The methodology of the Network is knowledge exchanges designed to de-centre Western epistemologies and ‘the expert’ and work towards a methodology of relational and reciprocal learning that is place based and embodied. Located in the territories of–and in dialogue with–memory keepers, the exchanges hasten new ways of thinking about the possibilities of a different future. Exchanges are also facilitated through the Transformative Memory Digital Archive as a virtual means of collaborative knowledge construction and as a repository of records that seek to disrupt silences in dominant narratives of violence and dispossession.
For more information please contact: ubcsocialjusticegsa@gmail.com ⇉
Bios of organizers
Alejandra Gaviria-Serna works at the intersections of activism, art, scholarship, and policy, related to society’s rights to truth and memory and the Colombian conflict. Since 2006 she is a founder and member of the Colombian Movement H.I.J.O.S (Daughters and Sons for Identity and Justice against Forgetting and Silence) and MOVICE (Movement of Victims of State Crimes, a movement that brings together 200 organizations in Colombia working for the rights of victims). Between 2009-2016 Alejandra was active in the Memory, Peace and Reconciliation Center of Bogota, the first governmental “museum” on memory as the Coordinator of the Research, Artistic, Communicative and Cultural Actions.
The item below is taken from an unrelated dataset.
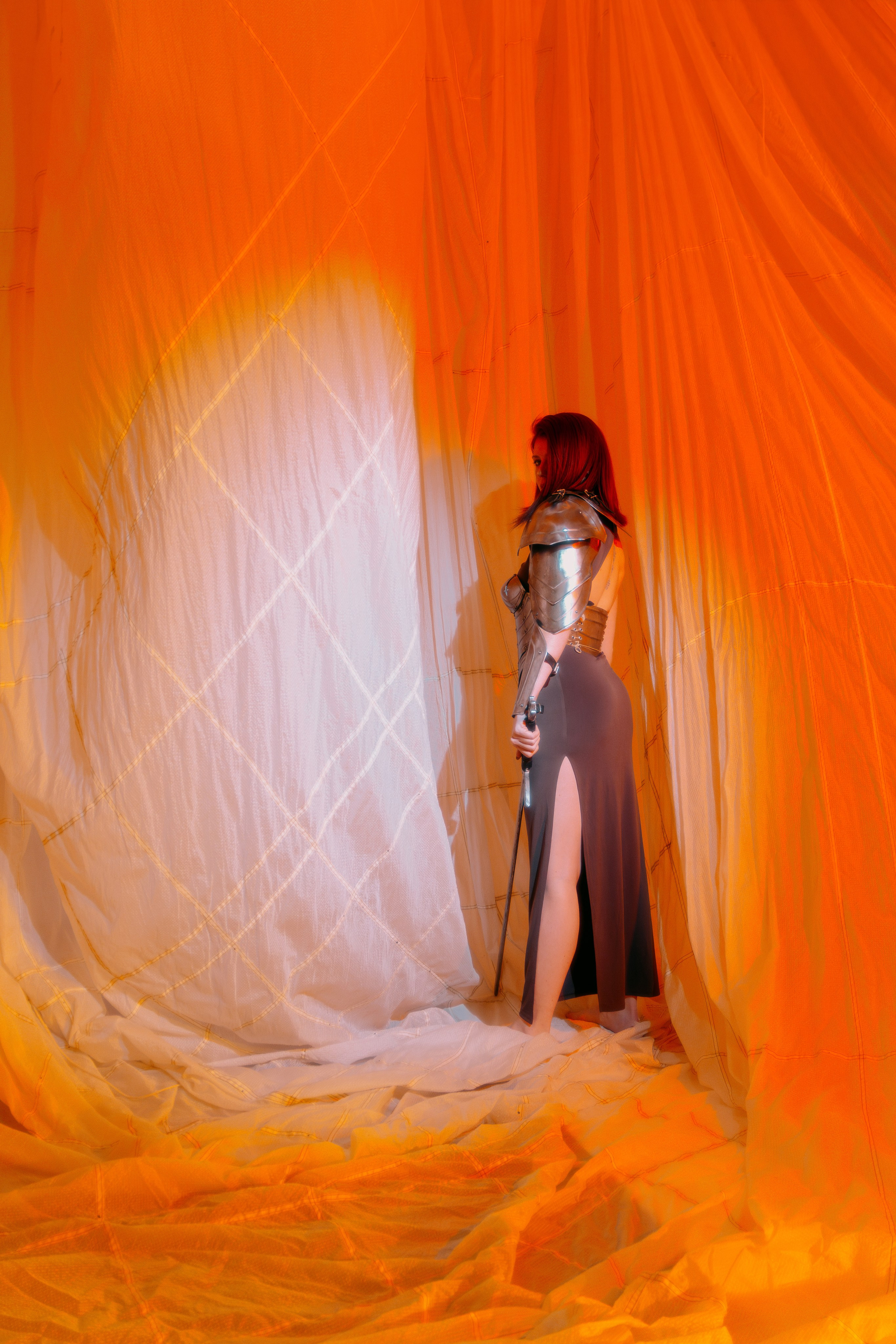 Женский креативный фотограф в Ростове на Дону. Прекрасный портрет девушки. Портретный фотограф Ростов-на-Дону. Женская эстетика и красота женского дела.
She is a political advocacy advisor to the Colombian Network of Places of Memory which coordinates 24 places of memory in Colombia dedicated to the fulfillment of the right to the memory. Until coming to Canada to study the Ph.D., she worked in the recently created Colombian Truth Commission in the areas of Acknowledgement, Recognition, and Coexistence (three of the main goals of the Commission). Alejandra is currently a Ph.D. student in the Social Justice Institute at the University of British Columbia, where she holds the Vanier Fellowship. In the context of the work and the findings of the Colombian Truth Commission, her research seeks to explore how grassroots initiatives that work creatively and artistically with memory produce shared knowledge and contribute to social comprehension, that enable processes of social reconstruction in diverse instances of mass violence and their aftermath.
David Ng is a PhD student at The Social Justice Institute at UBC. He is a queer, feminist, media artist, and co-founder of Love Intersections, a media arts organization of queer artists of colour. His current research and artistic practices grapple with queer, racialized, and diasporic identity, and how intersectional identities can be expressed through media arts. His interests include imagining new possibilities of how queer racialized artists can use their practice to transform communities. His work has also recently included collaborations with Primary Colours / Couleurs primaires, which is a national initiative to put Indigenous arts practices at the centre of the Canadian art system through the leadership of Indigenous artists, supported by artists of colour.